Input material Block Start

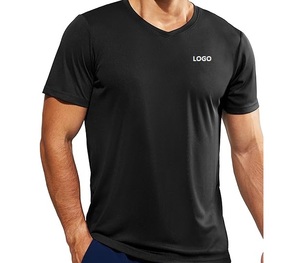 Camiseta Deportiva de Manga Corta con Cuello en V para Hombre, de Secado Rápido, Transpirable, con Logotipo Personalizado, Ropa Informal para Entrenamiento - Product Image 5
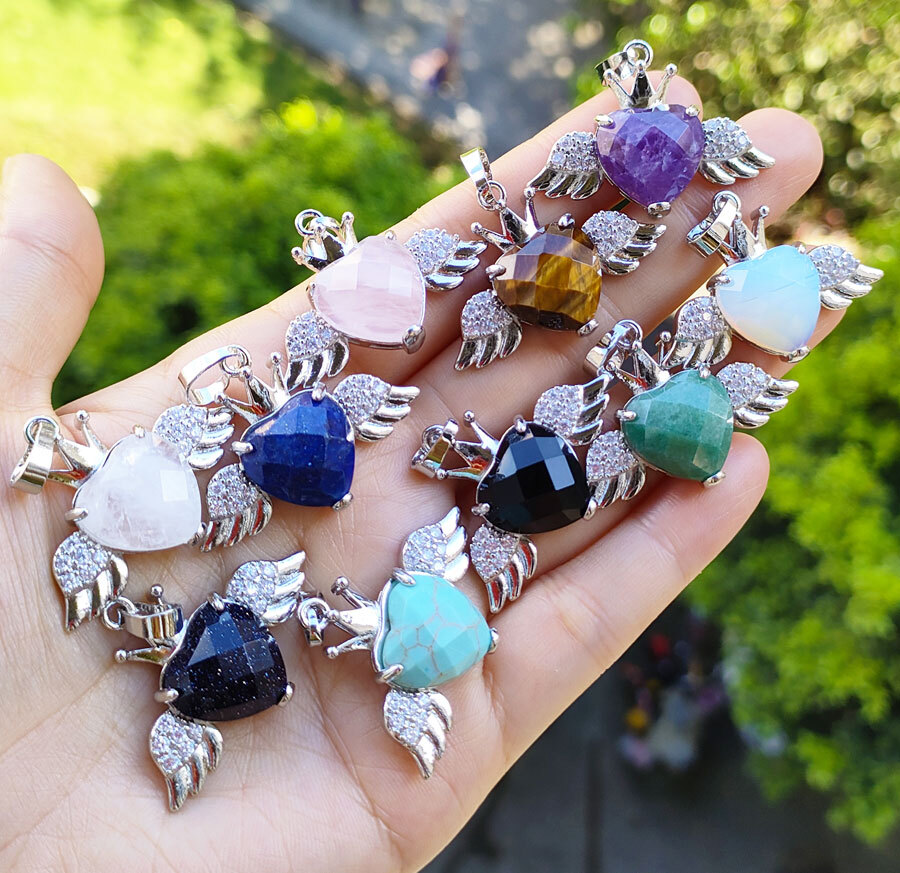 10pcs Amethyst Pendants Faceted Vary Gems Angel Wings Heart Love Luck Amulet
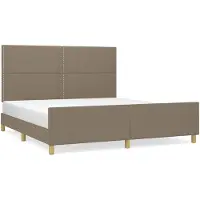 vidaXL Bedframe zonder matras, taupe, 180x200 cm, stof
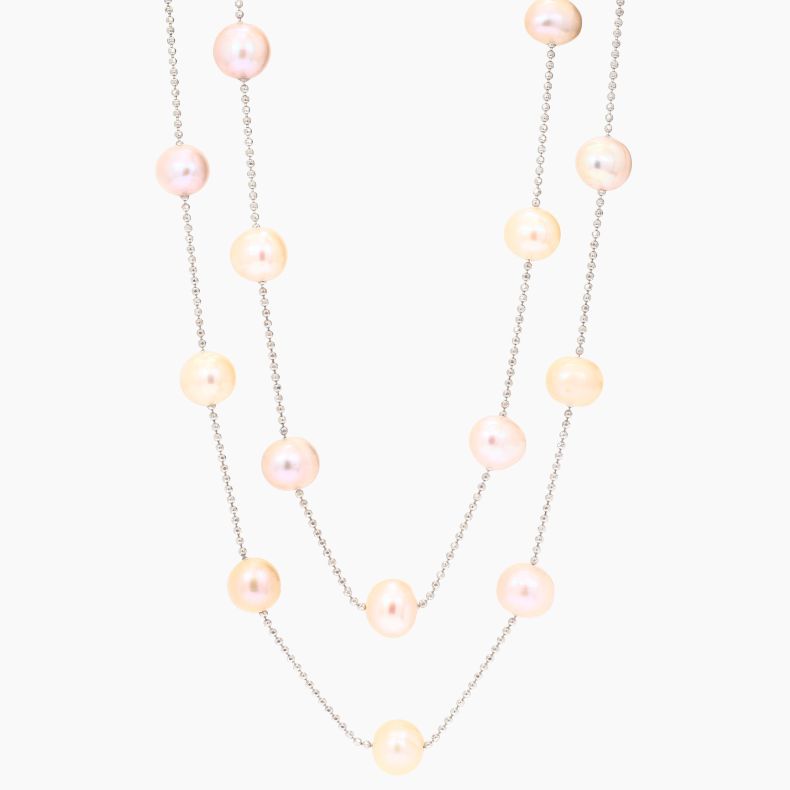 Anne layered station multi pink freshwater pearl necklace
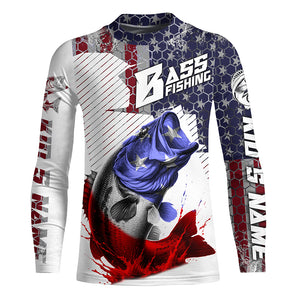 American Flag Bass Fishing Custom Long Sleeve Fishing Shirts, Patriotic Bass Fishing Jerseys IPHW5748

Input material Block End

Assignment: Please write out, exactly, every line from the line with "10pcs Amethyst Pendants" through the final line of the data above, leaving out pictures.

Answer space:
 10pcs Amethyst Pendants Faceted Vary Gems Angel Wings Heart Love Luck Amulet
 vidaXL Bedframe zonder matras, taupe, 180x200 cm, stof
 Anne layered station multi pink freshwater pearl necklace
 American Flag Bass Fishing Custom Long Sleeve Fishing Shirts, Patriotic Bass Fishing Jerseys IPHW5748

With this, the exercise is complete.